Dietary education and feeding practices
Rigorous, culturally sensitive dietary educational programmes (including cookery demonstrations on home visits) for the mothers of children with iron deficiency anaemia have proved very beneficial. These provide advice on dietary habits, milk formulas, and weaning as well as encouraging compliance with iron therapy. With active reinforcement of advice, it has effectively improved maternal knowledge regarding the importance of a balanced diet, and has been successful in changing their child’s health.⁸ With limited resources, however, implementing a nationwide scheme has proved difficult.

Free formulas for at risk infants
In the United States, free bottled milk fortified with iron was shown to improve anaemia rates, and it is thought that introducing such a scheme in the United Kingdom may benefit our infants.⁷ In Birmingham, anaemia rates fell when people on income support received free iron supplemented milk until the age of 12 months.
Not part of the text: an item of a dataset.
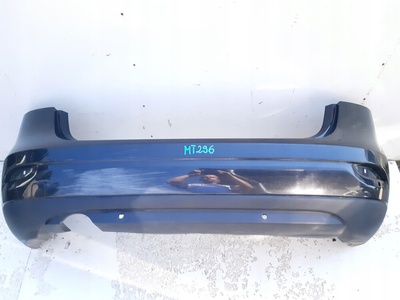 850220041R renault fluence бампер задняя заднего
After 12 months, however, iron intake reduced, possibly due to socioeconomic circumstances.¹

Communication problems
Good understanding and communication between  patients and doctors are central to good medical practice. This case highlights the difficulty in communication between non-English speakers and the medical team, and emphasises the poor availability of interpreters during medical emergencies. It can add to an already stressful situation and impair the standard of care given. Evidence shows that non-English speakers are less likely to receive important preventative services.⁹

Conclusion

Are we doing enough to bring down the rates of childhood iron deficiency anaemia? In view of current research and evidence, the answer is no. Iron deficiency anaemia is a serious clinical problem because it can adversely affect the neurological and therefore global development of children at their most vulnerable stage of life.